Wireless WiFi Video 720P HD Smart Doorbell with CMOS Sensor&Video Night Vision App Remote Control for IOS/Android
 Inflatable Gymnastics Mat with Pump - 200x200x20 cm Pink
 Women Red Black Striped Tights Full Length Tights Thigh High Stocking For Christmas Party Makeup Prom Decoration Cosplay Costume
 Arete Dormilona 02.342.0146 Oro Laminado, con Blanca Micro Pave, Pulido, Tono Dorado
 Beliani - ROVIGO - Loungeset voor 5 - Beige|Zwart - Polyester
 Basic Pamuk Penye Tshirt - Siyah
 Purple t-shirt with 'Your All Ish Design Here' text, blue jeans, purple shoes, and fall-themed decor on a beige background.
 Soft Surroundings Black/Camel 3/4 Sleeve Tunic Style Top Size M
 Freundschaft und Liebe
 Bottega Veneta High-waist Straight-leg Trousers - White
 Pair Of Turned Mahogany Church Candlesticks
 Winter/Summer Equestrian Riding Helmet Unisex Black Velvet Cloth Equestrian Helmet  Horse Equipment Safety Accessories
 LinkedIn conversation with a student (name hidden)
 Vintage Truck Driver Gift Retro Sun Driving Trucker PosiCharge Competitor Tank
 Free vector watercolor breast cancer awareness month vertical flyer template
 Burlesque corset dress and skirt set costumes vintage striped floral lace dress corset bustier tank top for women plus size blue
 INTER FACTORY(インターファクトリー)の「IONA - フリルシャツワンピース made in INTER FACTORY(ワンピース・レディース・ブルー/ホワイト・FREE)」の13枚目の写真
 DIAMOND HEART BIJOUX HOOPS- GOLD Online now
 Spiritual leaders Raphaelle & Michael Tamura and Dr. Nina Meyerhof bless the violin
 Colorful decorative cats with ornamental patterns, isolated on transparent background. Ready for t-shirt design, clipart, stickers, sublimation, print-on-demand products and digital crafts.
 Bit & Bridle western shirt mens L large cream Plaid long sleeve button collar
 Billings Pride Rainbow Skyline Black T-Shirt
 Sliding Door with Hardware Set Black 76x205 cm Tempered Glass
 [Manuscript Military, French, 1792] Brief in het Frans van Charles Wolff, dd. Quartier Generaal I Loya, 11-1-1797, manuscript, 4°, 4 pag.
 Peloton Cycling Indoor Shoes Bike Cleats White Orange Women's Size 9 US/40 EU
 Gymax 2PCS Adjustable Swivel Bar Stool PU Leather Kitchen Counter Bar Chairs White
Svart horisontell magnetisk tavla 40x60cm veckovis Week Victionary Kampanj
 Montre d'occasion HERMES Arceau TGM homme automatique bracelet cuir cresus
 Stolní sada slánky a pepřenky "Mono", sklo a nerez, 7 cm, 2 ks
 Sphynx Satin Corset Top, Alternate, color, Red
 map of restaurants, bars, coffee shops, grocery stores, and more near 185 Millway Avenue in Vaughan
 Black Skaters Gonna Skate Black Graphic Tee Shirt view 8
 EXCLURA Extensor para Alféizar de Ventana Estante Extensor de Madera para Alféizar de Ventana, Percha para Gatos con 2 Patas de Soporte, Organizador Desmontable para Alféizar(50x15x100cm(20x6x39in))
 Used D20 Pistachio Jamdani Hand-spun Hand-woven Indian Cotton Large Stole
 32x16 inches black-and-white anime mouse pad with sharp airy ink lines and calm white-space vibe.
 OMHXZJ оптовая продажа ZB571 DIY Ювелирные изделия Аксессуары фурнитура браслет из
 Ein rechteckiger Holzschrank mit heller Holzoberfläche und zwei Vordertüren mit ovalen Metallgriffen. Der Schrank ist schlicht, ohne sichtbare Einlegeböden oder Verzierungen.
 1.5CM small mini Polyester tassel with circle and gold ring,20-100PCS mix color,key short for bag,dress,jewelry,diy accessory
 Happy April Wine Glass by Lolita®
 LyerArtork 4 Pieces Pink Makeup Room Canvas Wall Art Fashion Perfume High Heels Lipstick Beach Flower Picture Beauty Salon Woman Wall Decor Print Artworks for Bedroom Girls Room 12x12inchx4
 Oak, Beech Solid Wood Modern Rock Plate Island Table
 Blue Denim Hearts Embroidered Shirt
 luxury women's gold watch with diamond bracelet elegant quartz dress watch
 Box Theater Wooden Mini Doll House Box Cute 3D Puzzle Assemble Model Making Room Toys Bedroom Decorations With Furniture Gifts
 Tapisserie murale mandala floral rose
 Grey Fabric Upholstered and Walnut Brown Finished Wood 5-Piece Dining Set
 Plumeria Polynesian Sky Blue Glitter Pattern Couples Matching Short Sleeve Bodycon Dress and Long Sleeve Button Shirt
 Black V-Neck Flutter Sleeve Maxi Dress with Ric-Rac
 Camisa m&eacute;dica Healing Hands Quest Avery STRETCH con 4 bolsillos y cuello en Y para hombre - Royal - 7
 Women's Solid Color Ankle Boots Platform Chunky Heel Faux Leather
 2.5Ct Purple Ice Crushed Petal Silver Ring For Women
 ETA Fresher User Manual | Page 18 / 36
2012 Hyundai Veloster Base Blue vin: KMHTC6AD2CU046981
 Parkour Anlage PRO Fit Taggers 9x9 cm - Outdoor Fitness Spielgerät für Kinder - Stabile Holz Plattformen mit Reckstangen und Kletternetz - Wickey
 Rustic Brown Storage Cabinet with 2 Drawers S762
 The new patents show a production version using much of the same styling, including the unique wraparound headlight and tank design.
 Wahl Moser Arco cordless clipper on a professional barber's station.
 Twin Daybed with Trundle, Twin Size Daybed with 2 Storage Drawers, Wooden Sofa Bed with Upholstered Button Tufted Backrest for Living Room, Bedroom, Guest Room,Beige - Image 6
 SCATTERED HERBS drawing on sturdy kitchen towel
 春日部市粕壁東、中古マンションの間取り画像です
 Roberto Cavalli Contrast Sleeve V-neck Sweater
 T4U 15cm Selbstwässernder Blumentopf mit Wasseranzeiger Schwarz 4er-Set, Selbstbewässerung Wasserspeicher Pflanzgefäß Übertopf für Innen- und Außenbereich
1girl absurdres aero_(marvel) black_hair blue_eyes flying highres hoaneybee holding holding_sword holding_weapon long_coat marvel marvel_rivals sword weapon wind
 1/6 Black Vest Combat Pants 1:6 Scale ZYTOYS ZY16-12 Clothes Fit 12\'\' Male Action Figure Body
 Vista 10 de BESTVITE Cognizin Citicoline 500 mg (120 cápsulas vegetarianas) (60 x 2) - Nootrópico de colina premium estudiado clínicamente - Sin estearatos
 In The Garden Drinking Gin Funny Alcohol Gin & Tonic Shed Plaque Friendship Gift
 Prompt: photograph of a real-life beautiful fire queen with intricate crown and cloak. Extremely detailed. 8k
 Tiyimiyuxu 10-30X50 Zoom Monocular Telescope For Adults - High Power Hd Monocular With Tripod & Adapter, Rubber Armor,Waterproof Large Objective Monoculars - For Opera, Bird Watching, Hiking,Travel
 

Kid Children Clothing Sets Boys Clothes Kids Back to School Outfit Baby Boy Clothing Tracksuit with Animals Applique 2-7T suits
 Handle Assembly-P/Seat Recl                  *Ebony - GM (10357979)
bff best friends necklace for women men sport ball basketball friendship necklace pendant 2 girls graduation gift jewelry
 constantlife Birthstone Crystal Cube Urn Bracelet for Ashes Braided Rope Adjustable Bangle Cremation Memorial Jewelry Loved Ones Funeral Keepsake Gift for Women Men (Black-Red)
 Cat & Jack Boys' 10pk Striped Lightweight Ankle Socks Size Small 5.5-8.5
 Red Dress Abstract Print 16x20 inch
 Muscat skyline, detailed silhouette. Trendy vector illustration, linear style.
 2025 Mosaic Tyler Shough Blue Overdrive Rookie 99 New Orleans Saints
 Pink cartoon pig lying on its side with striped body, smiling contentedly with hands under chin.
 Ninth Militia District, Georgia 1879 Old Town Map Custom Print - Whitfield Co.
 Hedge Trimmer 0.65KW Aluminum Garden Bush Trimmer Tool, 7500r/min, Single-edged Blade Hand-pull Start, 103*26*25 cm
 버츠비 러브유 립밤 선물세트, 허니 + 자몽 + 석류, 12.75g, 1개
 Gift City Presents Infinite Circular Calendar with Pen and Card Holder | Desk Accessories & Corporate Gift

# # # #

• What is being asked:
To answer, report how many lines of the listing contain the word "vector", as a number with nothing else.

• Answer section:
2